Across the world, these fledgling businesses are looking for new stomping grounds. And coworking spaces – armed with their own mini ecosystems of tech facilities, cafes, talk programmes and networking apps – can lure them to places big corporations would fear to go.
But can they actually kickstart regeneration? Here we take a look at cities across the globe.
Coworking company Betahaus took over a stateowned building on derelict land in Berlin’s Kreuzeberg in 2009, transforming it into a hub for creative startups.
Six years later, the 3,000 sq m space is home to over 300 small businesses and freelancers. And it has been the launchpad for some of the tech industry’s biggest names, including music sharing platform, Soundcloud.
WHEN WE MOVED IN, THE SURROUNDING WAS A DESERT,
says cofounder, Christophe Fahle.
‘Nobody would go to that end of Oranienstraße: there were no shops, no restaurants, just döner kebab shops.’ Since then, the area has seen a monumental shift: ‘Now we have an urban gardening spot, design shops and Modulor House, with its architects and creative supplies,’ Fahle adds.And it’s a model Betahaus has replicated in Barcelona and Sofia.
Over in Detroit, entire neighbourhoods are wastelands. And unlike in Berlin – a magnet for young professionals and creatives – Detroit’s graduates have been leaving the state in droves over recent decades in search of job opportunities.
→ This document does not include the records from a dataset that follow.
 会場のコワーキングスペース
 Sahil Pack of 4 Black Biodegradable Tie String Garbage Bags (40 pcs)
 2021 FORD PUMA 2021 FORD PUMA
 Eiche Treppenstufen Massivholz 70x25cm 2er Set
Could coworking spaces help stem the flow, while rebooting these areas? The answer is an emphatic yes.
With 78 percent of users being under 40years old, coworking hubs could offer Michigan’s graduates the security of an inbuilt microeconomy that would help them establish work relationships and businesses.
Detroit shares many of Berlin’s architectural qualities too – large industrial structures perfect for reuse as shared studio spaces.
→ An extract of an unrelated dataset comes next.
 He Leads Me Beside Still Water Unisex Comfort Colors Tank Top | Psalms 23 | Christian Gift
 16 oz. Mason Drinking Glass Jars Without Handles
One such example is in Corktown, Detroit, where local entrepreneur Phillip Cooley created Ponyride. The 30,000 sq ft space – part business incubator, part collaborative workspace – is firmly embedding itself within the surrounding neighbourhood.
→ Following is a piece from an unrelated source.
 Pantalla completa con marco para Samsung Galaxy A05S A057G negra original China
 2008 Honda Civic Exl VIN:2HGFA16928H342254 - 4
Ponyride offers desks to 40 local entrepreneurs for a below market rental rate. The catch? Each member must give six hours of time to community education a month.
The coworking group is not only physically impacting its block, it is helping develop skills within the wider area.
‘It's about community coming together and asking, “What can we do outside of traditional systems?”’
says Cooley.
Big developers are beginning to wake up to coworking’s pulling power, making it a core part of their placemaking strategies. Over in London, a vast shared workspace is the lynchpin in a major plan to regenerate the derelict Royal Docklands.
The first phase of the £3.5 billion masterplan – drawn up by Fletcher Priest Architects – will see the transformation of the crumbling Millennium Mills into a tech and media coworking hub. Boosted by a £12m investment, it’s scheduled to open in 2017 before the completion of 3,000 homes.
‘We have now marked the start, with Millennium Mills set to house half a million sq ft of creativity at the heart of Silvertown.’
‘We have a unique opportunity here to bring together many of the leading edge activities, with the space to grow, to collaborate, to move our city forward,’ says Elliot Lipton from the Silvertown Partnership
Beyond the capital, coworking has also been crucial in bringing the Liverpool’s defunct docklands back into use as the Baltic Triangle – a thriving new creative quarter.
It seems our cities’ industrial badlands are the perfect candidates for coworking’s midas touch.